(Stored data)
************
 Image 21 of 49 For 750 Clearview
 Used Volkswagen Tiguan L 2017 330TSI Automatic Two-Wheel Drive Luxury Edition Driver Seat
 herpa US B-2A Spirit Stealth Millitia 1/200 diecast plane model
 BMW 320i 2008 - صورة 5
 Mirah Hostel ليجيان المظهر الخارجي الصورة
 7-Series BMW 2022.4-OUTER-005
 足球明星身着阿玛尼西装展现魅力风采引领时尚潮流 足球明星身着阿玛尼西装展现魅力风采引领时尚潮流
************
> **YOUR OBJECTIVE**
Using the records above, please repeat the line with "herpa US B-2A" and every line after it exactly, and give no other text.

> **TASK RESULT**
 herpa US B-2A Spirit Stealth Millitia 1/200 diecast plane model
 BMW 320i 2008 - صورة 5
 Mirah Hostel ليجيان المظهر الخارجي الصورة
 7-Series BMW 2022.4-OUTER-005
 足球明星身着阿玛尼西装展现魅力风采引领时尚潮流 足球明星身着阿玛尼西装展现魅力风采引领时尚潮流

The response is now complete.